With my 10-inch reflector I rarely, if ever, employ stops, for by
reducing the aperture to 8 inches the gain in definition does not
sufficiently repay for the serious loss of light. But in the case of
large telescopes the conservation of light is not so important, and
a 14-inch or 16-inch stop may be frequently employed on an 18-inch
glass with striking advantage. The theory that only defective lenses
improve with contraction is fallacious, for in certain cases where
stops are regularly employed it is found that, under circumstances
of really good seeing, the whole aperture gives images which are as
nearly perfect as possible. It is clear from this that the fault
lies with the atmosphere, and that under bad conditions it becomes
imperative to limit its interference consistently with the retention of
sufficient light to distinguish the object well. In large reflectors,
particularly, the undulations of the air are very active in destroying
definition, and the fact will be patent enough to anyone who compares
the images given in widely different apertures. The hard, cleanly cut
disks shown by a small speculum or object-glass offer an attractive
contrast to the flaring, indefinite forms often seen in big telescopes.

_Cleaning Lenses._—As to wiping objectives or mirrors, this should be
performed not more often than absolute necessity requires; and in any
case the touches should be delicate and made with materials of very
soft texture. The owner of a good objective should never take the
handkerchief out of his pocket and, in order to remove a little dust
or dew, rub the glass until the offensive deposit is thought to be
removed. Yet this is sometimes done, though frequent repetition of such
a process must ultimately ruin the best telescope notwithstanding the
hardness of the crown glass forming the outer lens of the objective.
It will not bear such “rough and ready” usage and in time must show
some ugly scratches which will greatly affect its value though they may
not seriously detract from its practical utility. Good tools deserve
better treatment. When the glass really wants cleaning, remove it from
the tube and sweep its whole surface gently with a dry camel’s-hair
brush, or when this is not at hand get a piece of linen and “flick”
off the dust particles.
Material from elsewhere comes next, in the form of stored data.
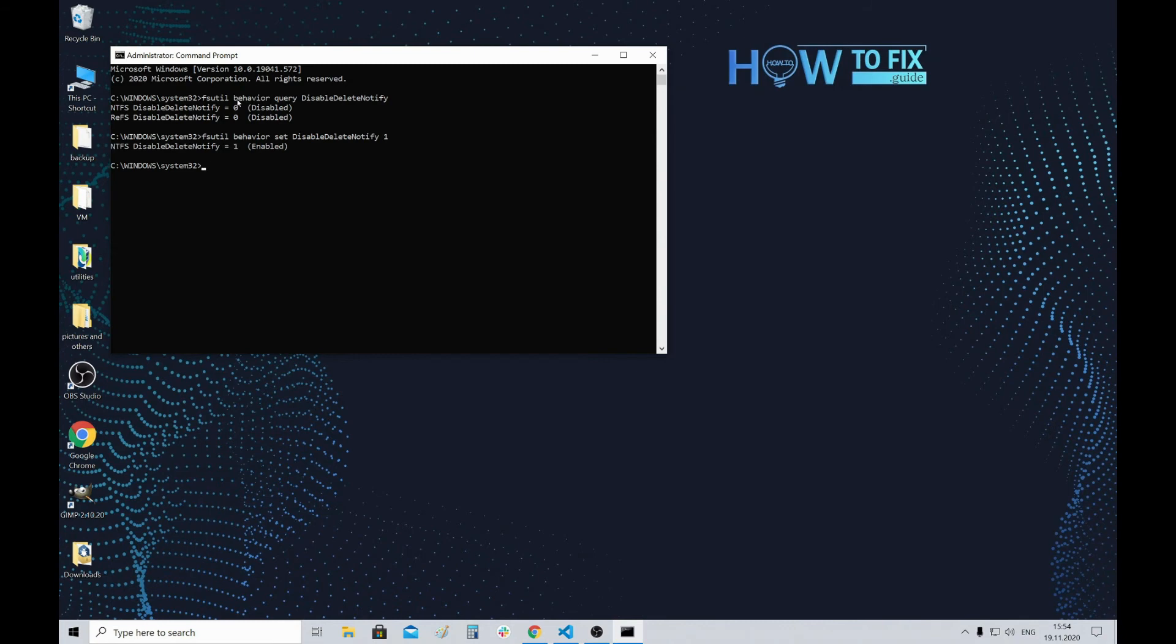Here you can see the value of 1. After this, the TRIM command will not be used anymore until you re-enable it with the same command but with a 0 value at the end.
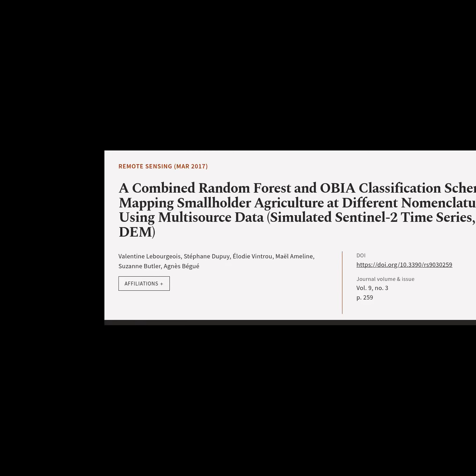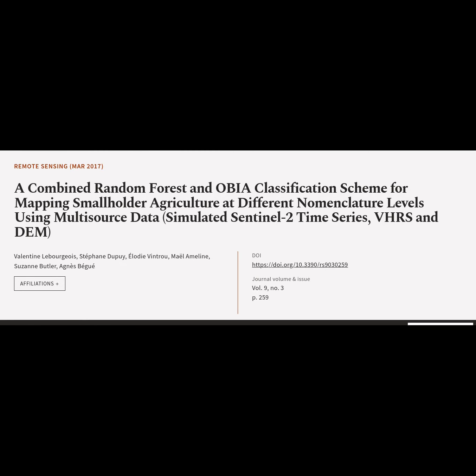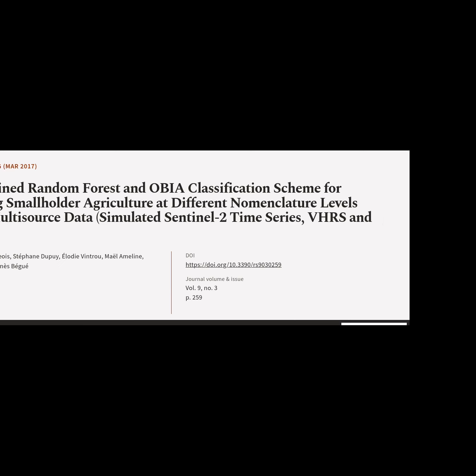This article is titled, 'A Combined Random Forest and OBIA Classification Scheme for Mapping Smallholder Agriculture at Different Nomenclature Levels,' using multi-source data, simulated Sentinel-2 time series, VHRS and DM, and was authored by Valentine Le Bourgeois, Stéphane Dupuy, Elodie Ventrue, Mela Malini, Suzanne Butler, and Agnes Baig.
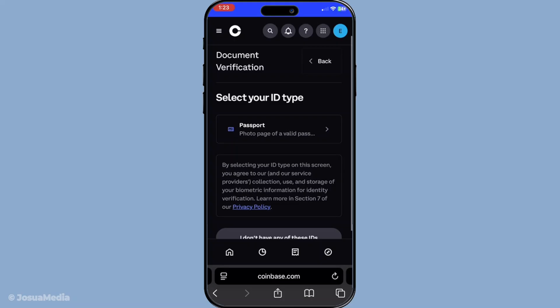Be patient during this process as Coinbase ensures your details are correct and secured. If you notice that your legal name has not been updated after several days, it might be a good idea to reach out to Coinbase support for assistance. They can provide you with information on the status of your request or help troubleshoot any issues you might be experiencing.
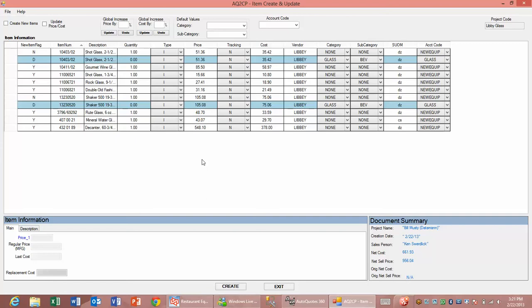The selling price, the tracking method—which in this case is normal but can be a serialized item—the cost, the vendor, and then the category and subcategory that we use within CounterPoint to analyze our sales activity.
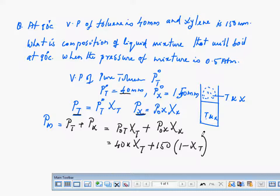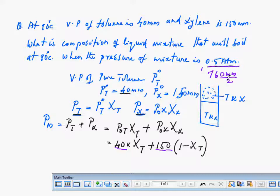The total vapour pressure is given as 0.5 atmospheres. Since the other pressures are in millimetres, we must convert: 1 atmosphere equals 760 millimetres, so 0.5 atmospheres equals 380 millimetres. Now all units are in millimetres.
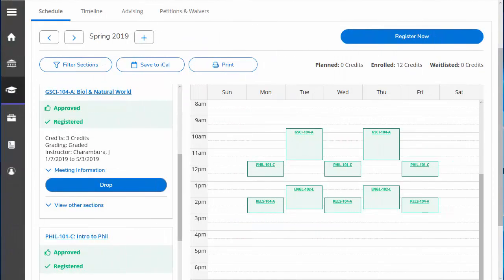If you are thinking of dropping or adding a class, you should have a conversation with your advisor first. These changes can have an effect on your path towards graduation. They can advise you on the best decision to make.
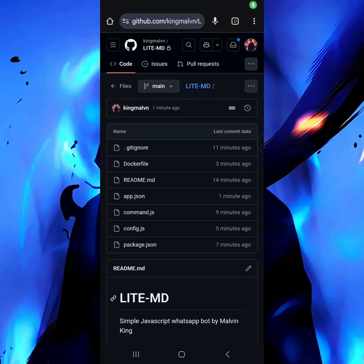Welcome again to my YouTube channel. Today is a tutorial on how you can create a WhatsApp bot, the third part. Today it's simple so I won't waste much of your time. We'll be creating folders — it's also the same thing but a little bit different.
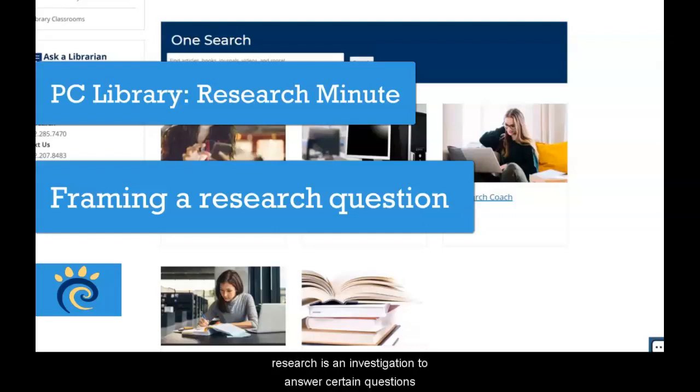While working on a research project, remember that research is an investigation to answer certain questions, so consider framing your topic as one or more research questions.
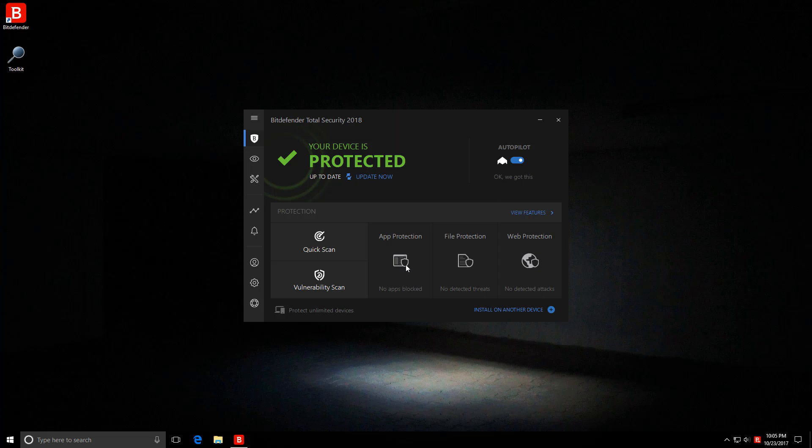Hello and welcome to the PC Security Channel. Today we'll be taking a look at Bitdefender Total Security 2018.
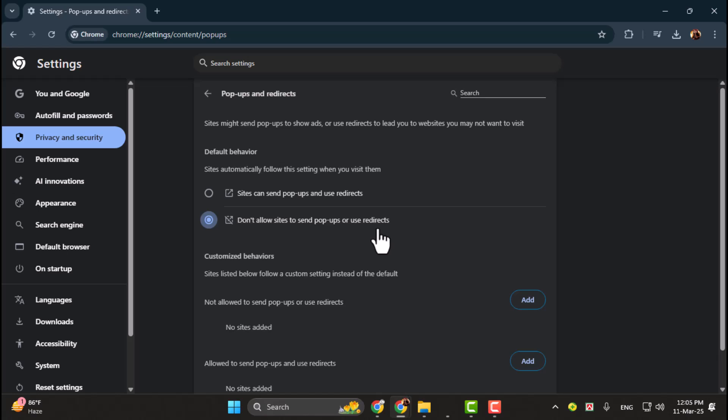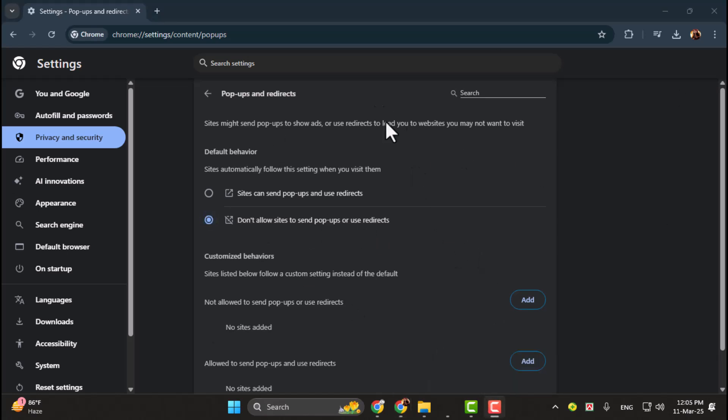This will prevent websites from automatically redirecting you to other pages or apps. And that's it. You've successfully stopped Chrome from redirecting to apps.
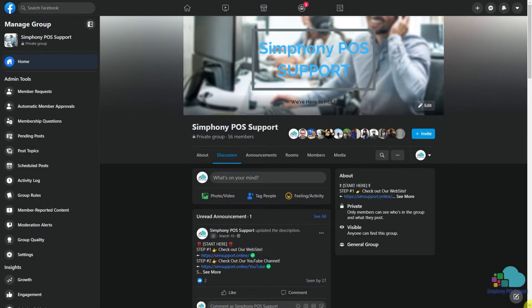Hello everyone and welcome to another video. Before we get started today, I just wanted to let you know we've created the Symphony POS Support Facebook group where you can talk to fellow colleagues in the industry or ask about Symphony questions or Oracle Hospitality in general. It's free to join and I'll leave a link to it in the description below.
Then wipe the lens, as soon as these have been
dislodged, with an old silk, or soft cambric handkerchief; fine chamois
leather is also a good material, and soft tissue paper, aided by the
breath, has been recommended. But whatever substance may be adopted it
must be perfectly clean and free from dust. When not in use it should
be corked up in a wide-necked bottle where it will be safe from contact
with foreign particles. In the case of mirrors there is an obvious need
that, when being repolished, the material used should be perfectly dry
and that the mirror also should be in the same state. It is unnecessary
to say here that in no case must the silver film be touched when it is
clouded over with moisture. This must first be allowed to evaporate in
a free current of air or before a fire; the former is to be preferred.
A suitable polishing-pad may be made with a square piece of washleather
or chamois in which cotton-wool is placed and then tied into a bag.
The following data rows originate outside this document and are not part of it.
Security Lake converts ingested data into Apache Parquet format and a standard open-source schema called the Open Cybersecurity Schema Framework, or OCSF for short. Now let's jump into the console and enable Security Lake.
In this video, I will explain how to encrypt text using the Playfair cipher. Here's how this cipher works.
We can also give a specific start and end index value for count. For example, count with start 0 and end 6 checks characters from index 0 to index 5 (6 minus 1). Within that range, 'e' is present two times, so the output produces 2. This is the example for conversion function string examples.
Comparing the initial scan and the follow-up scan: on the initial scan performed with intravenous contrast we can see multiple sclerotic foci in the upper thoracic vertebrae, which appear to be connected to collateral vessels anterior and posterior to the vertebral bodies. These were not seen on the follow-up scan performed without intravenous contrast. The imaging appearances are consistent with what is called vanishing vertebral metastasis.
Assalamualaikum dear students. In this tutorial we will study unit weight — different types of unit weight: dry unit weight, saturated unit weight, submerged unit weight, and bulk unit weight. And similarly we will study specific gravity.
This may be dipped into a little of the finest rouge, and its
employment will often restore a bright surface to the mirror. But the
latter should be left “severely alone” unless there is urgent occasion
to repolish it, as every application of the rouged pad wears the film
and may take off minute parts of it, especially when dust has not been
altogether excluded. The precarious nature of the silvered surface
undoubtedly constitutes the greatest disadvantage of modern reflectors.
The polish on the old metallic mirrors was far more durable. Some of
Short’s, figured 150 years ago, still exist and are apparently as
bright as when they were turned out of the workshop! I have a 4-inch
Gregorian by Watson which must be quite a century old, and both large
and small specula seem to have retained their pristine condition.
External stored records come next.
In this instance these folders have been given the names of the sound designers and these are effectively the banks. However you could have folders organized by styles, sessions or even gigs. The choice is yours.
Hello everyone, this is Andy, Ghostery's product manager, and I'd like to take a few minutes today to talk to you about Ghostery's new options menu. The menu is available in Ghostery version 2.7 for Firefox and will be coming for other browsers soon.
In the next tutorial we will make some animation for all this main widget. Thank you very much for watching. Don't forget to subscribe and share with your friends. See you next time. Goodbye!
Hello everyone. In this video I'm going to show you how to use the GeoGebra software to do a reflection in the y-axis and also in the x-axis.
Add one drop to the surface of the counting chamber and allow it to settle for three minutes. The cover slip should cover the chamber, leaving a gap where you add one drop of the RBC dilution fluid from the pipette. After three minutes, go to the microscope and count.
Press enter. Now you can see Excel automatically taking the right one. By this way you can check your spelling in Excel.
With regard to the duration of the silver-on-glass films, much of
course depends upon the care and means taken to preserve them. Calver
says that sometimes the deposit does not last so long as expected,
though he has known the same films in use for ten years. A mirror
that looks badly tarnished and fit for nothing will often perform
wonderfully well. With my 10-inch in a sadly deteriorated state
I have obtained views of the Moon, Venus, and Jupiter that could
hardly be surpassed. The moderate reflection from a tarnished mirror
evidently improves the image of a bright object by eliminating the
glare and allowing the fainter details to be readily seen. When not
in use a tight-fitting cap should always be placed over the mirror,
and if a pad of cotton wadding of the same diameter is made to
inlay this cap it tends to preserve the film by absorbing much of
the moisture that otherwise condenses on its surface. The ‘Hints on
Reflecting-Telescopes,’ by W. H. Thornthwaite and by G. Calver, and the
‘Plea for Reflectors,’ by J. Browning, may be instructively consulted
by all those who use this form of instrument. The latter work is now,
however, out of print, and Mr. Browning tells me that he has quite
relinquished the manufacture of reflecting-telescopes. Mr. G. With
of Hereford, who formerly supplied the mirrors for his instruments,
has recently disposed of his reserve stock and entered an entirely
different sphere of labour. In the publications above alluded to
amateurs will find a large amount of practical information on the value
and treatment of glass mirrors.

_Opera-Glass._—A very useful adjunct, and often a really valuable one
to the astronomical amateur, is the Opera-Glass, or rather the larger
form of this instrument generally known as the Field-Glass. Of certain
objects it gives views which cannot be surpassed, and it is especially
useful in observations of variable stars and large comets. Whenever the
horizon is being scanned for a glimpse of the fugitive Mercury, or when
it is desired to have a very early peep at the narrow crescent of the
young Moon, or to pick up Venus at midday, or Jupiter before sunset,
all one has to do is to sweep over the region where the object is
situated, when it is pretty sure to be caught, and the unaided eye will
probably reach it soon afterwards. The opera-glass has the dignity of
being the first telescope invented, for even its binocular form is not
new; it is virtually the same pattern of instrument that was introduced
at Middleburg in 1609, though its compound object-glasses are of more
modern date. Anyone who entertains any doubts as to the efficacy of the
opera-glass or has had little experience in its use will do well to
look at the Pleiades and compare the splendid aspect of that cluster,
as it is there presented, with the view obtained by the naked eye, and
he will acknowledge at once that it constitutes a tool without which
the observer’s equipment is by no means perfect. The object-glasses
should have diameters of 2 or 2½ inches, and the magnifying power lie
between 4 and 6. There is a large field of view and the images are very
bright. The observer is enabled to enjoy the luxury of using both his
eyes, and when he directs the instrument upon a terrestrial landscape
he will be gratified that it does not turn the world upside down! It is
not surprising that an appliance, with recommendations so significant,
is coming more into favour every day, and for those branches suitable
to its means it is doing much useful work. A volume has been recently
published dealing expressly with the use of the opera-glass in
Astronomy; and in the ‘Journal of the L.A.S.’ vol. vii. p. 120, there
is an excellent paper by Major Markwick on the same subject. This
instrument will never, of course, by the nature of its construction,
be comparable to a modern telescope in regard to power, for Galilei,
when he augmented his magnifiers to 30, appears to have practically
exhausted the resources of this appliance. But in all those departments
requiring an expansive field and little power with a brilliant and
distinct image, the larger form of opera-glass is a great desideratum,
and its portability is not one of the least of its advantages.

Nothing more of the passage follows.